# Task description:
Starting at the line below that contains "20110330_hall.jpg" and ending at the line that contains "MERCEDES-BENZ V 300", retype each line exactly as it stands, but omit the pictures.

# The records:

· · ·

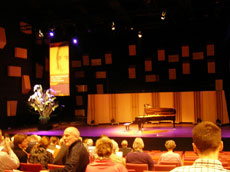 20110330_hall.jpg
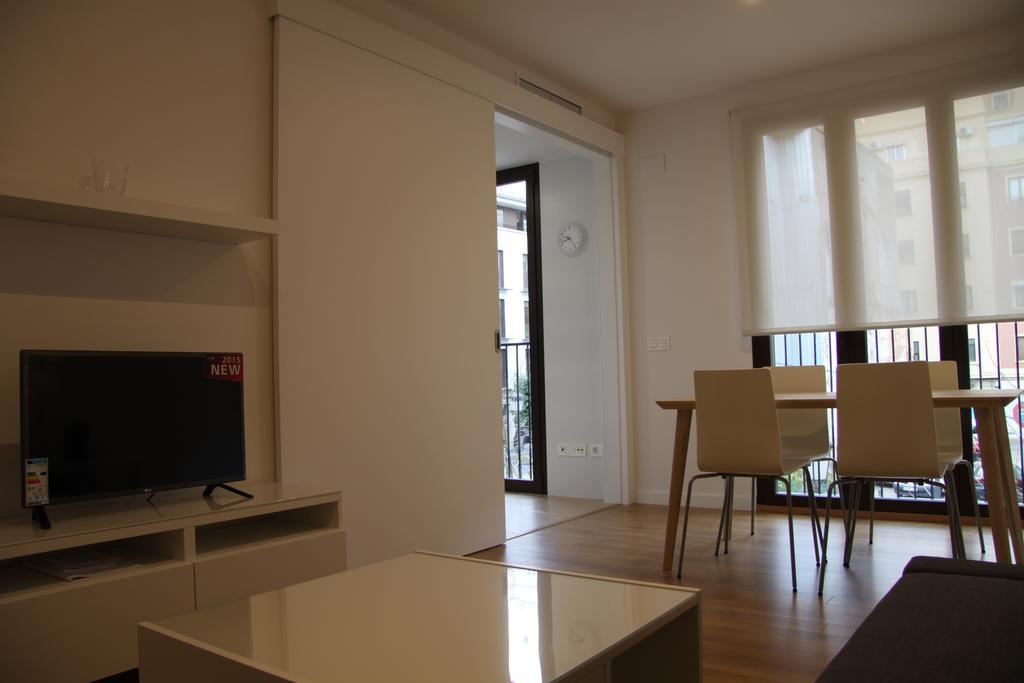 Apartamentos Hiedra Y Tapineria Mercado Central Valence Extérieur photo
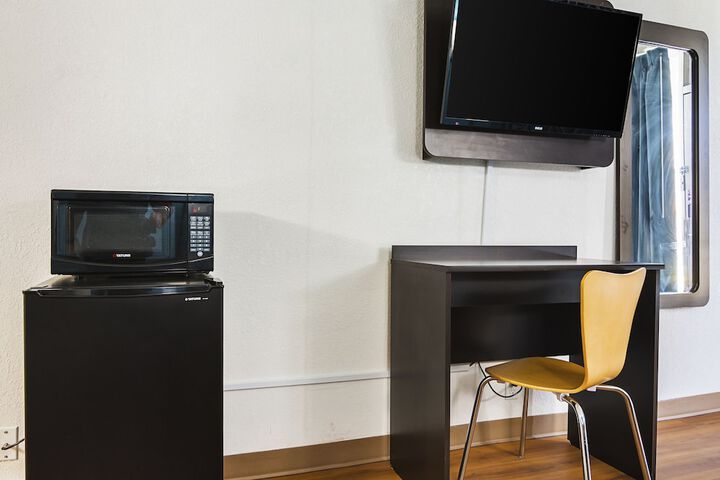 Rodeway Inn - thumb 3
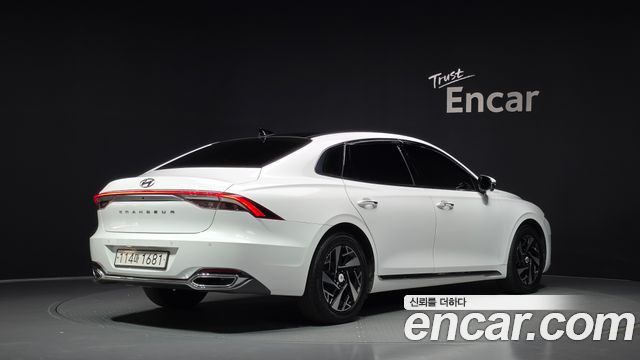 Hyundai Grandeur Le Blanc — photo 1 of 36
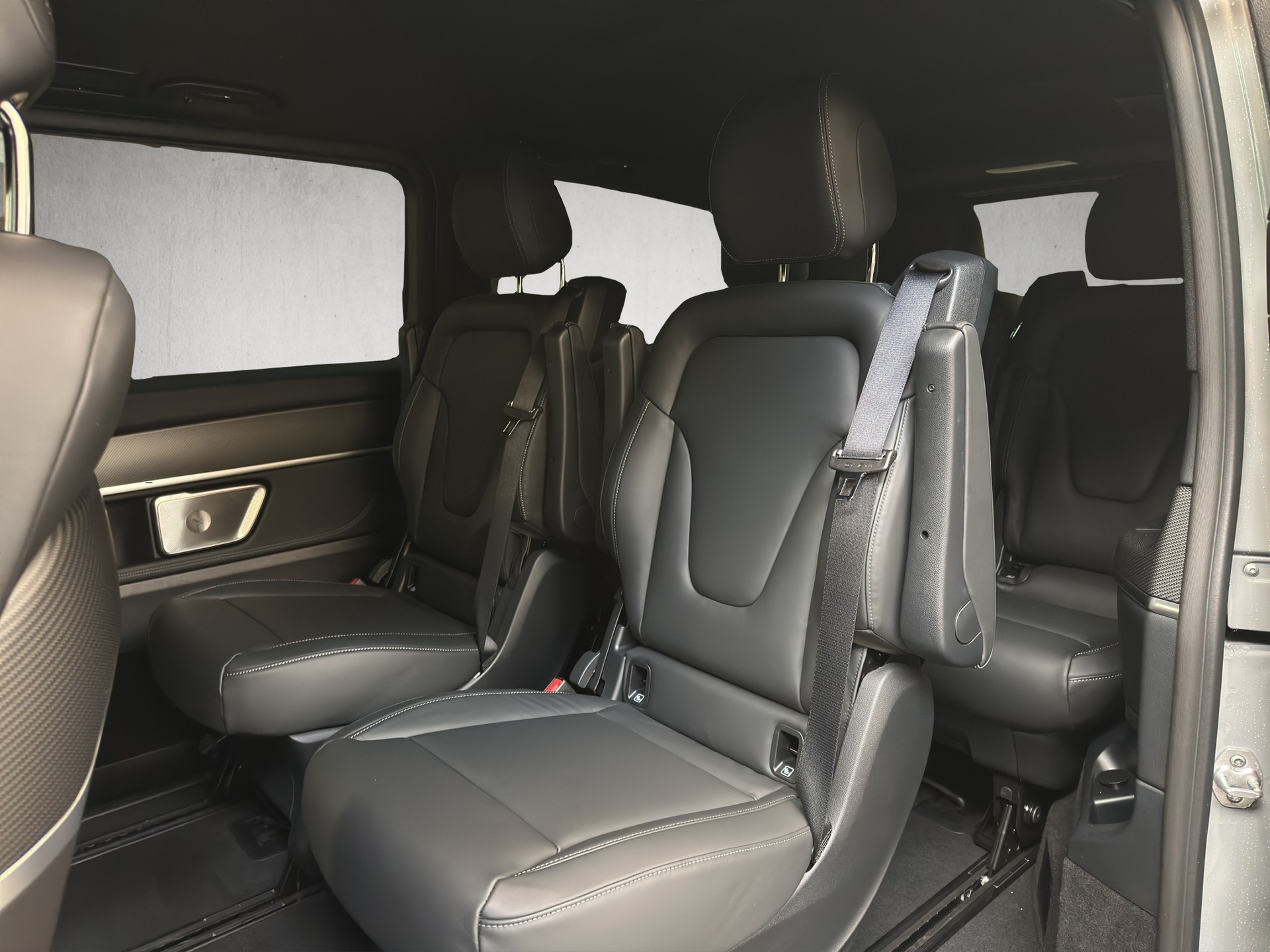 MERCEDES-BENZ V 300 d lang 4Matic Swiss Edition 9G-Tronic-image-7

· · ·

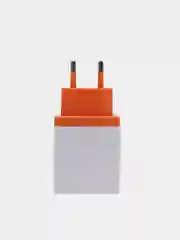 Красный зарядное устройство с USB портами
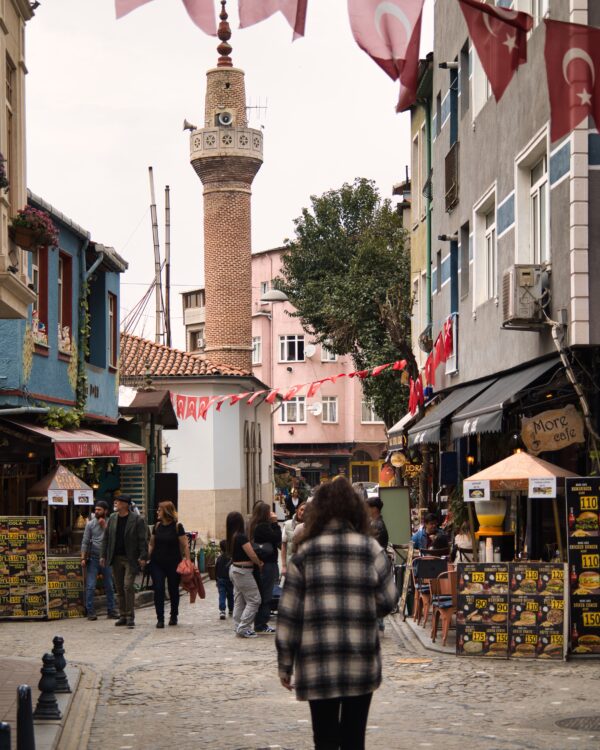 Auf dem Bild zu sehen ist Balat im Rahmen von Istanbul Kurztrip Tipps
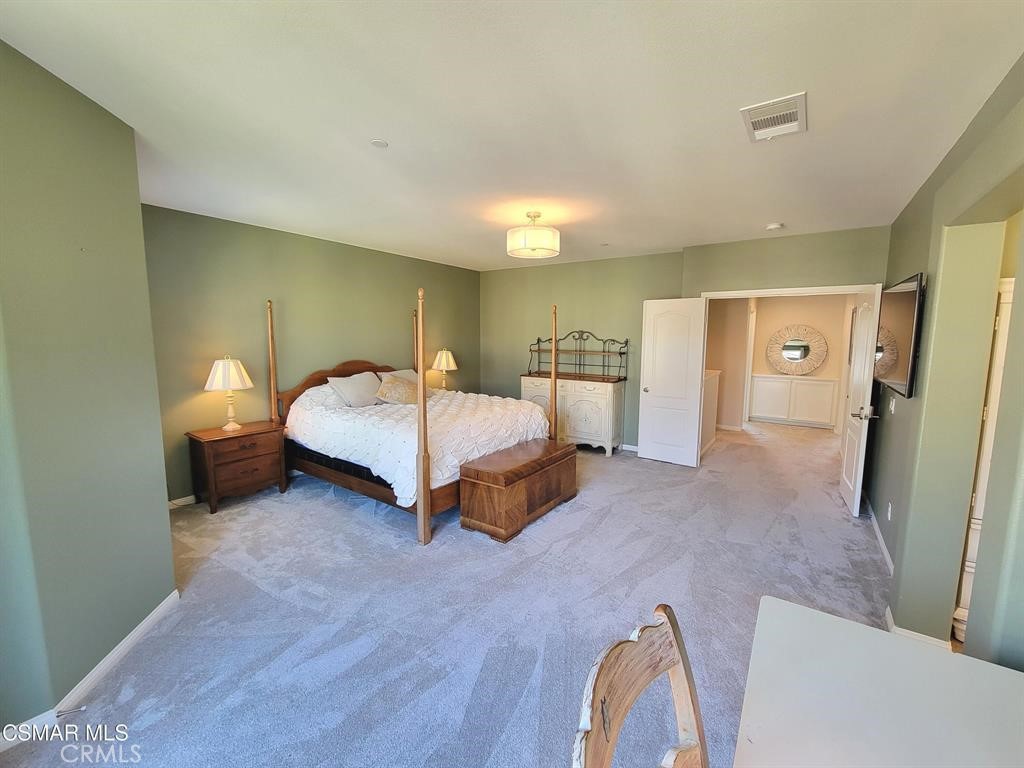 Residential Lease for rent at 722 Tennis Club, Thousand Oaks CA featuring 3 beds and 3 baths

· · ·

# Answer box:
 20110330_hall.jpg
 Apartamentos Hiedra Y Tapineria Mercado Central Valence Extérieur photo
 Rodeway Inn - thumb 3
 Hyundai Grandeur Le Blanc — photo 1 of 36
 MERCEDES-BENZ V 300 d lang 4Matic Swiss Edition 9G-Tronic-image-7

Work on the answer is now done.